Ahora todos los hombres están olisqueando en mi dirección, como si yo fuera una flor o un queso. Varios de ellos hacen gala de unas enormes erecciones azules. Croze me lo había advertido, pero nunca había visto nada semejante, ni siquiera en el Scales, donde algunos de los clientes iban con pintura de cuerpo y extensores. Varios de los hombres producían un extraño zumbido, como los que haces cuando pasas el dedo por el borde de una copa de cristal.

—Pero la otra mujer que vino se asustó cuando le cantamos y le ofrecimos flores, y cuando la señalamos con nuestros penes —dice el jefe.

—Sí. Los dos hombres también se asustaron. Se fueron corriendo.

—¿Era muy alta? —pregunta Toby—. La mujer. ¿Más alta que ésta? —Me señala a mí.

—Sí. Más alta. No estaba bien. Y estaba triste. Habríamos maullado sobre ella y se habría sentido mejor. Luego podríamos haber copulado con ella.

Ha de ser Amanda, pienso. O sea que sigue viva, aún no la han matado. Démonos prisa, quiero gritar. Pero Toby todavía no se va a ninguna parte.

—Queríamos que eligiera con qué cuatro de nosotros copularía —dice el principal—. Quizá la mujer que te acompaña elegirá. ¡Huele muy azul!

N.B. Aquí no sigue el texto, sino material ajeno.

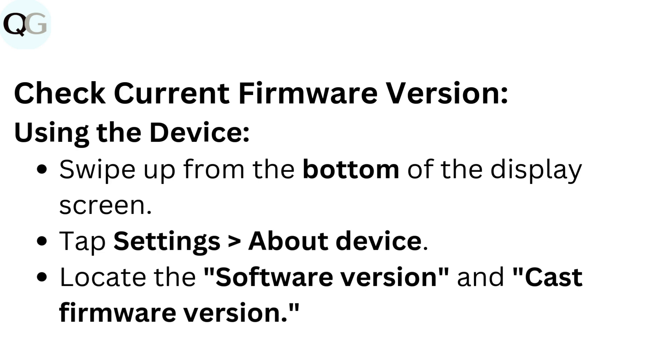Check current firmware version using the device: swipe up from the bottom of the display screen, then tap Settings, then About Device. Locate the software version and cast firmware version.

Al oír esto, todos los hombres sonríen —tienen dientes blancos y muy brillantes— y sus penes me apuntan y van de lado a lado como colas de perro contento.

¿Cuatro? ¿Todos a la vez? No quiero que Toby dispare a ninguno de estos hombres —parecen muy amables y están de buen ver—, pero no quiero que se me acerquen esos penes azul brillante.

—En realidad mi amiga no es azul —dice Toby—. Es sólo la piel extra. Se la dio una persona azul. Por eso huele azul. ¿Adónde se fueron los dos hombres y la mujer?

—Fueron por la costa —dice el jefe—. Y luego, esta mañana, Hombre de las Nieves fue a buscarlos.

—Podemos mirar debajo de la segunda piel y ver lo azul que es.

—Hombre de las Nieves tiene un pie herido. Maullamos sobre él, pero necesita más maullidos.

—Si Hombre de las Nieves estuviera aquí, descubriría lo del azul. Nos diría cómo tenemos que actuar.

—El azul no ha de desperdiciarse. Es un regalo de Crake.